Pernah Menjabat Sebagai Menteri Dalam Negeri Dalam Kabinet Sjahrir II
Diterangkan Mustaqim, Soedarsono menjadi salah satu tokoh menonjol dalam gerakan sosial yang dipimpin oleh Sutan Sjahrir. Oleh karena itu, pengaruh dan namanya sangat diperhatikan pihak Jepang kala itu.
Saat Jepang menyerah pada Sekutu, pergerakan dari para pemuda di seluruh daerah mulai muncul. Terutama di Kota Cirebon. Waktu itu, sambung Mustaqim, ketika Sukarno menolak untuk segera memrpoklamirkan kemerdekaan Indonesia, Sjahrir kemudian meminta Soedarsono supaya melakukan proklamasi di Alun-Alun Kejaksan Kota Cirebon, pada tanggal 15 Agusgus 1945.
Tidak butuh waktu lama, Soedarsono beserta para pemuda di Cirebon di tanggal 15 Agustus 1945, akhirnya mengumumkan proklamasi versi mereka sendiri.
"Peristiwa 15 Agustus di Cirebon termasuk dalam upaya masyarakat Cirebon yang ingin Indonesia merdeka. Bebas dari penjajahan. Tapi tetap yang diakui adalah Proklamasi yang dibacakan Soekarno-Hatta pada tanggal 17 Agustus," bebernya.
Berdasarkan informasi yang dirangkum Okezone dari berbagai sumber, ada versi lain yang menceritakan bagaimana proses pembacaan naskah proklamasi buatan Sjahrir oleh Soedarsono.

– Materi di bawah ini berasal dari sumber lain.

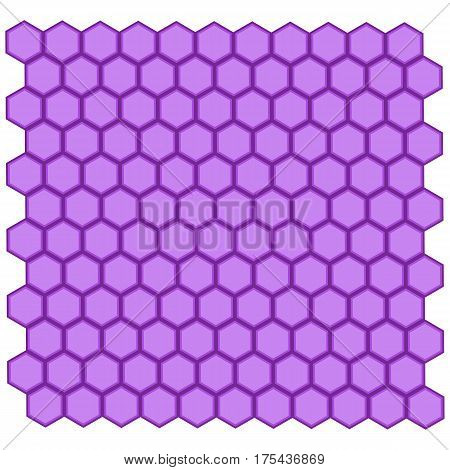 Geometric pattern with hexagons is pictured with lilac tones in the honeycomb.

Hadidjojo Nitimihardjo dalam bukunya 'Ayahku Maroeto Nitimihardjo: Mengungkap Rahasia Gerakan Kemerdekaan (2009)' mengisahkan, ketika berita kekalahan Jepang dari Sekutu sudah tersebar luas, di sebuah pengungsian di wilayah Palimanan, dengan inisiatif sendiri Soedarsono menemui Maroeto Nitimihardjo. Ia datang untuk meminta naskah proklamasi buatan Sjahrir yang dikatakan dititipkan kepada Maroeto.